WORK INSTRUCTIONS
Check every line of the entries for the string "Sleeve" and return the ones that contain it.

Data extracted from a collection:
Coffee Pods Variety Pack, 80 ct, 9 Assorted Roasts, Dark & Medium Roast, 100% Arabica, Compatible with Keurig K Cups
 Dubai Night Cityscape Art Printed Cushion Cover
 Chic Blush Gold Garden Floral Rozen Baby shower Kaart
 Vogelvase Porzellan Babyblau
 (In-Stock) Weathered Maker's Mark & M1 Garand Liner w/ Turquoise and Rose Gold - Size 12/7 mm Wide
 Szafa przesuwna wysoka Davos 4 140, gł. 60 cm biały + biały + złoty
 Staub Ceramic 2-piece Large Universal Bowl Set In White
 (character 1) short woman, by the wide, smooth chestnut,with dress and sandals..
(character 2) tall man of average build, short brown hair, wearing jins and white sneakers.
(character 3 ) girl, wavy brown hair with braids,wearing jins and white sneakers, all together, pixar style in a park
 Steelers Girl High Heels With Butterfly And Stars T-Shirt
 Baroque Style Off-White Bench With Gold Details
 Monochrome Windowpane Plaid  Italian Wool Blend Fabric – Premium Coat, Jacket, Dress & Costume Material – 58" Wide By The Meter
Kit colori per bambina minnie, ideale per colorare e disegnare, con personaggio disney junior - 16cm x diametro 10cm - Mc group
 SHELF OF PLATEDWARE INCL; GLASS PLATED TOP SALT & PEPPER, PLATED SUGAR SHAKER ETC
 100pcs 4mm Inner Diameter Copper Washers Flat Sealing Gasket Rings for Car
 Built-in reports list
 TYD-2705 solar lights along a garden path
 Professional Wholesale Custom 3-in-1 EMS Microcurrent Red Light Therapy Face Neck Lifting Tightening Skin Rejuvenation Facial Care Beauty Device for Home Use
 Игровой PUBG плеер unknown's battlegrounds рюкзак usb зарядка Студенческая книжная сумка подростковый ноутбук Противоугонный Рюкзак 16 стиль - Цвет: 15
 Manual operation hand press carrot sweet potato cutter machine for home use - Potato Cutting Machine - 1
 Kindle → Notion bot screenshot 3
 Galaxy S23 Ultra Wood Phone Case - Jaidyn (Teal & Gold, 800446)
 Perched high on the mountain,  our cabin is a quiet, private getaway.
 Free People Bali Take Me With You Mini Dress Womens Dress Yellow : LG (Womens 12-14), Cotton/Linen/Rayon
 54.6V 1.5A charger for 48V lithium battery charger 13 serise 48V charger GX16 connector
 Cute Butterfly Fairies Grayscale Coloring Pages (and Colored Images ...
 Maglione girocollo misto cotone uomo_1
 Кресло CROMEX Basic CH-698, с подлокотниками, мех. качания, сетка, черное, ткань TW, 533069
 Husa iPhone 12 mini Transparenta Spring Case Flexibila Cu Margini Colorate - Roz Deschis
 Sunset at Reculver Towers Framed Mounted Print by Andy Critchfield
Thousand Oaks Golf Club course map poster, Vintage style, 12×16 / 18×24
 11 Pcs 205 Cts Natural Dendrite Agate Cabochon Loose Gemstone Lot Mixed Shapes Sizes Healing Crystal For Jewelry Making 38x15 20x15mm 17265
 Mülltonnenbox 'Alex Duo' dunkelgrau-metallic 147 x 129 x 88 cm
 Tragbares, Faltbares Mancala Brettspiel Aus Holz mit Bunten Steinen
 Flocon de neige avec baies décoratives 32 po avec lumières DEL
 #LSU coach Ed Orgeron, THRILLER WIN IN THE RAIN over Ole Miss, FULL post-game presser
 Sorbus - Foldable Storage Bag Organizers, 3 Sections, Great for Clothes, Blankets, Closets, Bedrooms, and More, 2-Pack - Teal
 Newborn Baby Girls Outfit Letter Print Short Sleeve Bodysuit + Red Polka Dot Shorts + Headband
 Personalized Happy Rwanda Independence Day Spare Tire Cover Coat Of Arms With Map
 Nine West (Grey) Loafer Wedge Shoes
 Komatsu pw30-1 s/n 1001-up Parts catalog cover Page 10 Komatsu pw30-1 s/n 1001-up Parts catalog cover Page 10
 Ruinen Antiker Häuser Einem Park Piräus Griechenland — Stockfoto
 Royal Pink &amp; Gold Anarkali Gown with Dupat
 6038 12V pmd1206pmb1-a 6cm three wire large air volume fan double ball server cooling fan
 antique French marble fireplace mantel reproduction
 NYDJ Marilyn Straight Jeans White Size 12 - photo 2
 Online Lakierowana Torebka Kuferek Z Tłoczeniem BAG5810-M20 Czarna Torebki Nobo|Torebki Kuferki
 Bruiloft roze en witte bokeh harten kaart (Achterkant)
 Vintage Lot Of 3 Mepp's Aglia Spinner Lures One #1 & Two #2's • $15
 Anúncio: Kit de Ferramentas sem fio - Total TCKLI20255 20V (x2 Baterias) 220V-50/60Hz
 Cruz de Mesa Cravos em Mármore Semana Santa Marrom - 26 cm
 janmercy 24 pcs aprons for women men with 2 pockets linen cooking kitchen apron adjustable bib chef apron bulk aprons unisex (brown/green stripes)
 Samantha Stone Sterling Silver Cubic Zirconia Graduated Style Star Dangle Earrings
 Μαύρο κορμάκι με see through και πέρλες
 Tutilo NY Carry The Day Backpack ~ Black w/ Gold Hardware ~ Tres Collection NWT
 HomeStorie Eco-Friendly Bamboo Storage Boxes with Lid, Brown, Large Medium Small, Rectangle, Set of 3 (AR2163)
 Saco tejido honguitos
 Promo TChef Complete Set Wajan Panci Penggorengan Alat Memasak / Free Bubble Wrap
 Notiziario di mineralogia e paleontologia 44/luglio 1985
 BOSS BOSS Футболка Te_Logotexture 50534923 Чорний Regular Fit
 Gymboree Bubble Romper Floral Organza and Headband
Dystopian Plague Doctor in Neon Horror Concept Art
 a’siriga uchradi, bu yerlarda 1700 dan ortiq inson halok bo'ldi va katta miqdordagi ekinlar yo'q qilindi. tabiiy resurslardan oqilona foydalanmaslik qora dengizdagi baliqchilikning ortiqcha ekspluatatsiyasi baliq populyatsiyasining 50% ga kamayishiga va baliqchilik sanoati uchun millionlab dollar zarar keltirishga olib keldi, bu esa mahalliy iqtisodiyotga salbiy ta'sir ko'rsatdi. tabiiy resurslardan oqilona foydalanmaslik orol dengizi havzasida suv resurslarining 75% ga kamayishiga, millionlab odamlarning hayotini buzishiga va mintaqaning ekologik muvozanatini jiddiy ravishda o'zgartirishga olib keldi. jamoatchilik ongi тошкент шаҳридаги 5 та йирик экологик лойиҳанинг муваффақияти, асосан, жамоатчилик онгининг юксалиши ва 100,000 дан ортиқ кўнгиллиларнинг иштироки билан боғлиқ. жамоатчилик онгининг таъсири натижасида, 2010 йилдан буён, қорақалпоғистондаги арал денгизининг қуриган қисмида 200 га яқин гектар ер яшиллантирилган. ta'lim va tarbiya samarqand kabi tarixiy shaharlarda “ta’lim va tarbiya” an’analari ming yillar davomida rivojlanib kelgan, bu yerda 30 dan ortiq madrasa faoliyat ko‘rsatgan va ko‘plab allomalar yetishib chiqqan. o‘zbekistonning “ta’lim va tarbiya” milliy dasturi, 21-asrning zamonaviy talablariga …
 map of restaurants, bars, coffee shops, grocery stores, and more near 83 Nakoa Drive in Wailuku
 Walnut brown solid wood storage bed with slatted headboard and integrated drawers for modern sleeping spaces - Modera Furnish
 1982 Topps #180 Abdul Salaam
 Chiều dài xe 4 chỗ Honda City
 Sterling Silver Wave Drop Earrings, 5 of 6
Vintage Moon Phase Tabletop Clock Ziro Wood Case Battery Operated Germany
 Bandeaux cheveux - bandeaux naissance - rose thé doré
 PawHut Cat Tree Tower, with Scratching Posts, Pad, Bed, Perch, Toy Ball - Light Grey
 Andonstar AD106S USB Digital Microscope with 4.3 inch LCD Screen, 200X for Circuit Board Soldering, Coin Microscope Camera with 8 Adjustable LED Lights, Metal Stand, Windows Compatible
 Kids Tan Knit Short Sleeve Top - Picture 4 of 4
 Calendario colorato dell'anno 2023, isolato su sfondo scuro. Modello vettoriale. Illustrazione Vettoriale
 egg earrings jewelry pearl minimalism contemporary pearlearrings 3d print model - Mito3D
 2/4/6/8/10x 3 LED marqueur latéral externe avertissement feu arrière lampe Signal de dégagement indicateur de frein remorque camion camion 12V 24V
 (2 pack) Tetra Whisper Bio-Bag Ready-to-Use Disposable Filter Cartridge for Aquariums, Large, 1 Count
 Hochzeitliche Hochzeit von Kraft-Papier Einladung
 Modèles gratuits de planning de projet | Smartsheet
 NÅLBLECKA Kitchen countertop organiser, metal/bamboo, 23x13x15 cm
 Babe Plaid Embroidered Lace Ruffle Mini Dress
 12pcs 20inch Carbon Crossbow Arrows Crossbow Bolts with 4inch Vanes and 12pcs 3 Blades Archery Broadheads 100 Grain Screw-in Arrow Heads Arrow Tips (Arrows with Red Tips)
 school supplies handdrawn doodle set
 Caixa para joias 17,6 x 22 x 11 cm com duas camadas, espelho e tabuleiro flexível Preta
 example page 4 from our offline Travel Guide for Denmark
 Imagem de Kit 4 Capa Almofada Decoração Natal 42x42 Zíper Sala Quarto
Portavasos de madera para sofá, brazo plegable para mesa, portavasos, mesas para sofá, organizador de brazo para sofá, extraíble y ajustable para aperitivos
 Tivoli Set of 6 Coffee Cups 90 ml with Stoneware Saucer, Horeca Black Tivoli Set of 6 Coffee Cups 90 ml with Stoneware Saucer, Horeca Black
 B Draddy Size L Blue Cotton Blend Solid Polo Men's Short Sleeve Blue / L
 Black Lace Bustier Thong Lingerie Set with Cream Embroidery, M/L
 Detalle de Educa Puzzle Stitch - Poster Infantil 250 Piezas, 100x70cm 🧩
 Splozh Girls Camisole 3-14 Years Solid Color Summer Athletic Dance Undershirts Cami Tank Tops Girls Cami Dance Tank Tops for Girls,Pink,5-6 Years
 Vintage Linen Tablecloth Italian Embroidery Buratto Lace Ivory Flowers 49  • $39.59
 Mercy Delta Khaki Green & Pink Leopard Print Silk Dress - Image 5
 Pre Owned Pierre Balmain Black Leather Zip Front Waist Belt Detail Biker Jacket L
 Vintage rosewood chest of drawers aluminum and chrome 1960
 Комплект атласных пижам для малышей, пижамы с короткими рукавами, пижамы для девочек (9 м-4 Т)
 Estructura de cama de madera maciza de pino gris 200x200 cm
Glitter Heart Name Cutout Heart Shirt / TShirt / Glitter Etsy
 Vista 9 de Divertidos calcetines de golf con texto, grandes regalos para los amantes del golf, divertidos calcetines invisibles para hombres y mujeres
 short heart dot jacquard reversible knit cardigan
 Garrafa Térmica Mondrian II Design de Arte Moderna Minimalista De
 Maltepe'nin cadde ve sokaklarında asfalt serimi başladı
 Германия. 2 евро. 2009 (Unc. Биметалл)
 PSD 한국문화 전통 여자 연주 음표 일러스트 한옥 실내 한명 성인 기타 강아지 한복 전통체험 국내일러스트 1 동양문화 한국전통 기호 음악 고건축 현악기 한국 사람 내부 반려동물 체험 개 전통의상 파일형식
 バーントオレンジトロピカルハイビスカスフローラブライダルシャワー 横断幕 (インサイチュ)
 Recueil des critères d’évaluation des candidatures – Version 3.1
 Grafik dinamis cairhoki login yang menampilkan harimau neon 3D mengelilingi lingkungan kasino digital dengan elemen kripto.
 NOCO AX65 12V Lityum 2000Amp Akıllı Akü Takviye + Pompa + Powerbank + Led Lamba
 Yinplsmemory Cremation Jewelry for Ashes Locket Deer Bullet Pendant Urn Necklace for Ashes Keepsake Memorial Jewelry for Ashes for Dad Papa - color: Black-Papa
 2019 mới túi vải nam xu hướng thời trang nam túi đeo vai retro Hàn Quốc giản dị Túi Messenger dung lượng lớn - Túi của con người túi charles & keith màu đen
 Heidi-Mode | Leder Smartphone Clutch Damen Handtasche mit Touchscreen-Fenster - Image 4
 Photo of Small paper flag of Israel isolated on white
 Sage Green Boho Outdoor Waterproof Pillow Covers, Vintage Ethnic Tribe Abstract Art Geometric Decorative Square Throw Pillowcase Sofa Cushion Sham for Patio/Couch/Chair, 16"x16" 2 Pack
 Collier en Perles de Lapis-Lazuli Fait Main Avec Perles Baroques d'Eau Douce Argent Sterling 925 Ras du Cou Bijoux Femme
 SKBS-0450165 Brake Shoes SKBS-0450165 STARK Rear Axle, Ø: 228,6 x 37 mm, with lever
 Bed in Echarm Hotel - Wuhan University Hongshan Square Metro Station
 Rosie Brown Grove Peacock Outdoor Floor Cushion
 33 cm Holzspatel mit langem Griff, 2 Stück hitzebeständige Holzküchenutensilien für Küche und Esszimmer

EXERCISE ANSWER
 Newborn Baby Girls Outfit Letter Print Short Sleeve Bodysuit + Red Polka Dot Shorts + Headband
 Kids Tan Knit Short Sleeve Top - Picture 4 of 4
 B Draddy Size L Blue Cotton Blend Solid Polo Men's Short Sleeve Blue / L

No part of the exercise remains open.